When a Kamehameha Schools admissions worker called Santos on July 8, Santos explained that the claim of her son's being part-Hawaiian was based on her hanai father's racial lineage, Grant said.

Brayden Mohica-Cummings, 13, his mother, Kalena Santos, and attorney Eric Grant hope to prevail over Kamehameha policy. Santos says her hanai father had Hawaiian blood so her son is of Hawaiian lineage.

Gregory Yamamoto • The Honolulu Advertiser

He said Santos was not deliberately trying to mislead the school into believing that her son is part-Hawaiian, but was doing her best to supply information that the admissions form was seeking.

But Schulmeister said the school gave Santos until Aug. 8 to substantiate that the boy is part-Hawaiian and then granted an additional extension. He said he received a phone call from Grant on Aug. 11 telling him he was representing the boy and his mother in a discrimination lawsuit against the school.

Grant said the Hawaiian ancestry issue is not relevant because the admissions policy favoring Hawaiians is discriminatory. But Schulmeister said the school has never tried to hide the fact it has a stated "preference" for admitting children who are at least part-Hawaiian.

Ezra took issue with the stated admissions policy, asking Schulmeister specifically what the school meant by giving preference to Hawaiians. The judge asked: "How are Native Hawaiians, Caucasian Americans, Japanese Americans and Korean Americans to know what that means?"

Ezra said that as a federal judge who has handled Hawaiian rights cases, and as a law school professor at the University of Hawai'i and a student of Hawaiian law, he has some feel as to what the term "hanai" means. "Native Hawaiians believe a hanai child to be truly their own," Ezra said.

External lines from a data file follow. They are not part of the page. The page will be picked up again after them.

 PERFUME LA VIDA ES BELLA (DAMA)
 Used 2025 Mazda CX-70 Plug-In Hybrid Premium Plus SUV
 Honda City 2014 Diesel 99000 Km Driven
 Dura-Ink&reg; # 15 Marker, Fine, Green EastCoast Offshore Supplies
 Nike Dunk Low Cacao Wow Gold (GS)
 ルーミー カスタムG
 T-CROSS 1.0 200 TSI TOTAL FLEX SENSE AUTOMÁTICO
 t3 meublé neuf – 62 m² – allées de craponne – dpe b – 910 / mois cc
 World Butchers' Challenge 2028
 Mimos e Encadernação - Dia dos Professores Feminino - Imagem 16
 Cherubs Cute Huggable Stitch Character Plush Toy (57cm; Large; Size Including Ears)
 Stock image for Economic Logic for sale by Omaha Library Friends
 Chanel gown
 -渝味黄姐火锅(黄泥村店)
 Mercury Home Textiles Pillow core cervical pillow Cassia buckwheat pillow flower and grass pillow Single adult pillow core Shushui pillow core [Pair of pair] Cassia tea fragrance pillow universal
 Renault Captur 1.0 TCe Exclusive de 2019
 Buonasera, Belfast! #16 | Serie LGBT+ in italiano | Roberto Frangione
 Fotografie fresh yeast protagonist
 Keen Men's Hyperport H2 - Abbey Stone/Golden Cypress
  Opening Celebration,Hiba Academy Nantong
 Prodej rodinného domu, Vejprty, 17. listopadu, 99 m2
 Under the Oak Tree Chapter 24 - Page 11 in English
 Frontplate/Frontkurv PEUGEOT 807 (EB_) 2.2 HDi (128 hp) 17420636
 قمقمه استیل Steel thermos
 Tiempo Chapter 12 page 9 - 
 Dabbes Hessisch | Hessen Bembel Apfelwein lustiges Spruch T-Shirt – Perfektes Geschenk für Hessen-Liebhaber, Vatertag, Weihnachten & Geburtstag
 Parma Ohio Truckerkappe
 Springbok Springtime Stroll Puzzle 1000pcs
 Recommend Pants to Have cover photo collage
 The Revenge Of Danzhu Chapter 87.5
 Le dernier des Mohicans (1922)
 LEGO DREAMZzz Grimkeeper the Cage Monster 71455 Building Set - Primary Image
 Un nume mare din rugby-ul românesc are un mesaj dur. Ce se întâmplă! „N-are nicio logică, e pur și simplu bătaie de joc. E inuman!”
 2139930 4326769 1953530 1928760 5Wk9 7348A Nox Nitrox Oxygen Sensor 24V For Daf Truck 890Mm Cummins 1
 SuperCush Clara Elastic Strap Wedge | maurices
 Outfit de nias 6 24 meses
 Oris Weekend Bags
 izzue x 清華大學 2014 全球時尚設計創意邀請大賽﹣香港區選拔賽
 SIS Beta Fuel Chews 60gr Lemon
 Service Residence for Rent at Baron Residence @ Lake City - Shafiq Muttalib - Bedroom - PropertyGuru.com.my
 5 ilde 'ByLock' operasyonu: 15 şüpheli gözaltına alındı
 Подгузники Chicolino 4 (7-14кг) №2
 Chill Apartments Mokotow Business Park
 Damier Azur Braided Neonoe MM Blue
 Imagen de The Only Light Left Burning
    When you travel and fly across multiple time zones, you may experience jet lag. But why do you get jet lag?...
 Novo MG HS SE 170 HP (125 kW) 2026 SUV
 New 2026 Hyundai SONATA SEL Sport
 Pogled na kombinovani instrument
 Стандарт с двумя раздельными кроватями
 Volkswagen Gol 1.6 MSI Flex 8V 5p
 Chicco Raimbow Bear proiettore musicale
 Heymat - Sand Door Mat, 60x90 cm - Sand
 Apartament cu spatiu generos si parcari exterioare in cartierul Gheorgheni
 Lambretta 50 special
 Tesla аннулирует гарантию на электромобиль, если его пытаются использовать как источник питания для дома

While there can be unique cultural circumstances in Hawai'i, "it does not mean that the Constitution does not apply," Ezra said.

He referred to a ruling of his that had to do with the state's allowing only Hawaiians to vote for candidates running for the Office of Hawaiian Affairs. Ezra ruled in favor of Hawaiians-only involvement in the elections, only to have the U.S. Supreme Court overturn his decision.

He said he still believes that his ruling on the OHA issue was correct but will abide by the Supreme Court decision unless it is revisited and overturned some day.

Whether Kamehameha Schools is justified in turning away otherwise qualified applicants on the basis of race — even when Hawai'i's unique circumstances come into play — is the key question that must be resolved, Ezra said.

He likened the situation to a group coming to Hawai'i and deciding to open a school just for Caucasians after concluding Caucasians are a minority when considering all other racial groups.

"The result would be volatile and justifiably so," Ezra said. "Kamehameha Schools is doing the same thing by excluding everyone but Hawaiians. But it may be the case that ... the uniqueness of Hawai'i makes this permissible."

If Ezra grants a request for the temporary restraining order and preliminary injunction sought by Grant, Mohica-Cummings would be allowed to attend Kamehameha Schools until the federal court decides whether the school's admission policy is discriminatory.